Mobile applications must cooperate with the process persistence service at runtime. The mobile application framework provides a program, Mobilize, that mobile application developers can use to automatically insert the code necessary to cooperate with the process persistence service. Mobilize disassembles programs using Reflection, and accesses byte code using a third-party library [11]. Code to save and restore the state of a method call is woven into the method body. A method call's actual parameters, local variables, evaluation stack and point of execution constitute the method call's 'state'. Mobilize implements a simple discipline of inserting code to save or restore the state at method calls, method returns, and backwards-branching instructions.
For example, here is a C# method that computes factorial:
static int Fact(int n)
{
return n == 0 ? 1 : (n * Fact(n-1));
}
This is compiled to the following Common Intermediate Language (CIL) [4] code:
ldarg n
brzero One
ldarg n
ldarg n
ldc.i4 1
sub
call int32 Fact(int32)
mul
br Fin
One: ldc.14 1
Fin: ret
The preprocessor would insert code at the following points:
// Preamble: if unpacking,
// restore state and continue
ldarg n
brzero One
ldarg n
ldarg n
ldc.i4 1
sub
// If should pack up, save
// state and return prematurely
call int32 Fact(int32)
// If packing up, save state
// and return prematurely
mul
br Fin
One: ldc.14 1
Fin: // If should pack up, save
// state and return prematurely
ret
This code is inserted automatically, however the programmer must be aware that location-sensitive resources such as files could apparently 'disappear' in the middle of a method body as the result of migration. Anything that is not able to be persisted robustly (see the next section) is liable to be unstable.
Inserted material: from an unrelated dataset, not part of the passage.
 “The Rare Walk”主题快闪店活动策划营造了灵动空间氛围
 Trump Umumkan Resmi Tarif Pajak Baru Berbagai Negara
The programmer can delimit critical sections of code by programatically 'locking' the thread's location. In this situation the thread state will not be saved until control exits the critical section. Any migration requests made within the critical section will be delayed until the critical section is exited. Critical sections extend over the dynamic call stack: Polling code in called methods see a 'shadowed' result so that the methods do not return prematurely.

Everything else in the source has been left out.